1月17日にアダムズはフロリダにあるトランプの私邸で会談した。その後、トランプの就任式に出席し、その翌日には民主党に批判的なFoxNewsケーブルテレビのインタビューに応じた。特に20日の就任式の出席については、この日がキング牧師記念日(Martin Luther King Day(黒人に対する人種差別への闘いで有名なマーティン・ルーサー・キング二世(Martin Luther King, Jr.)を祝う日))であり、黒人であるアダムズ氏がキング牧師記念日の行事の参加を見送ってトランプを優先したため、物議を醸した。
アダムズがトランプに接近していたのは大統領の恩赦を期待したのではないかと囁かれていたが、ここにきて、恩赦ではなく起訴の取り下げという意外なことが起こった。
そもそも、なぜ大統領(政権)は起訴の取り下げを命じる権限を持つの?
アメリカ連邦政府の仕組み上、起訴するか否かの裁量を持つ検事は政治色が強いポストだからだ。
アメリカ連邦政府の検察は94の地検に区分されており、各地検のトップである検事長官(United States Attorney)は(連邦上院の承認の下)大統領に任命される。検事長官の任期は大統領の任期と同様4年であり、大統領が代わると検事長官は辞表を提出するのが慣習だ。また、大統領はいつでも検事長官を解任できる。

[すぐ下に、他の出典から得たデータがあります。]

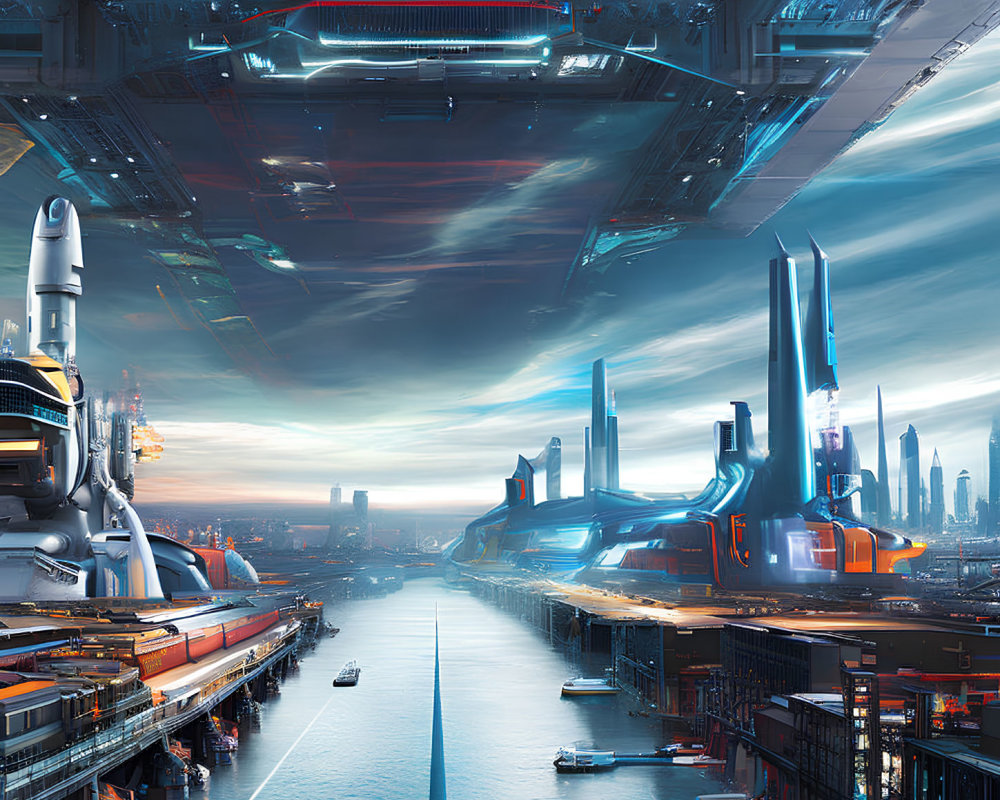 Futuristic cityscape with skyscrapers, river, spacecraft, and industrial infrastructure at twilight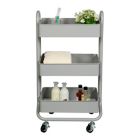 Alternate image 7 for Squared Away&trade; 3-Tier Utility Storage Cart in Grey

検事長官は司法省本部の司法副長官(Deputy Attorney General)直属のポストであり、司法副長官は司法長官(Attorney General)直属である。司法長官の正副どちらも(連邦上院の承認の下)大統領に任命され、いつでも大統領に解任され得る。

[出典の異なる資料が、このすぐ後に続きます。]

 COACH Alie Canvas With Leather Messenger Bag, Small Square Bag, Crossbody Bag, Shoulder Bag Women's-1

つまり、大統領は司法長官、司法副長官経由で検事長官に命令を下すことができ、もし命令を拒否する者が出てきても、大統領がその人物を解任すればよいだけなのだ。
検察に独立性はないの?
政治色が強いアメリカ連邦政府の検察だが、政治からの独立性がないわけではない。
まず、政治職である検事長官も、内規や倫理規定によって政治からの独立が求められている。また、検事長官の下で働く検事(Assistant United States Attorney)は大統領に任命されない官僚のようなポスト(career civil servant)なので、彼らは独立性をより発揮しやすい立場にいる。
今回の辞任ドミノを始めたサスーンは、検事長官のポストに就いていたが官僚検事である。トランプ政権が発足して日が浅いことから正規の検事長官がまだ就任しておらず、サスーンは代理としてトランプに任命されていたのだ。

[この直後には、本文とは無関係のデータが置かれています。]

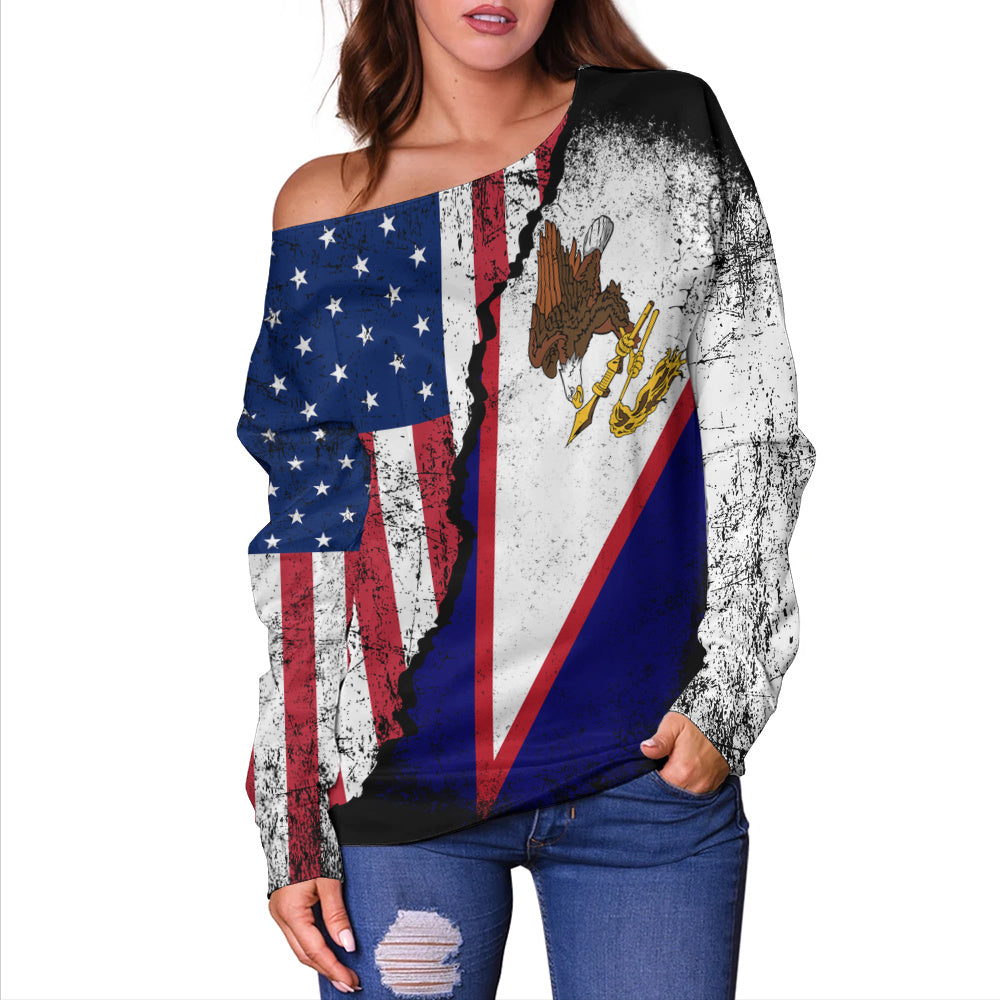 American Samoa Off Shoulder Sweatshirt American Unity Style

サスーンが独立性を発揮して辞任した背景にはこういった事情もあったと思われる。
最終的に起訴は取り下げられたの?
マンハッタン地検に加えて司法省本部でも検事が次々と辞任し、起訴を取り下げる検事がいなくなりかねない状況になった。
最終的には、現地時間の2月14日(金)の夜、個人的には反対するものの政権の意向に従うとして、公職廉潔部のベテラン官僚検事2人が起訴の取り下げを裁判所に要請する書面に署名したことで、1週間続いたトランプ政権と司法省の対立に決着がついた。
アダムズの刑事事件は終了するの?
起訴の取り下げには裁判官の承認が必要なので、刑事事件の終了は確実ではない。
裁判官は証拠審問を行って起訴取り下げの理由について深掘りすることができるものの、裁量は限られている。
本件においては、ボーブが証拠の十分性とは無関係の理由で起訴の取り下げを指示しているので、証拠審問が実施されることはほぼ間違いないと思われる。だが、検察が追求することを拒否している刑事事件を継続することは現実的ではないので、裁判官が最終的に起訴の取り下げを認めないとは考えにくい。
トランプは本件についてどのような発言をしているの?
トランプはアダムズの起訴の取り下げを命じたことを否定している。また、辞任した7人に関して大半は前政権の人たちでいずれは交代させられていたと主張している。(この点については、大統領権限で解任できたのは政治職だった2人だけなので、事実と異なる)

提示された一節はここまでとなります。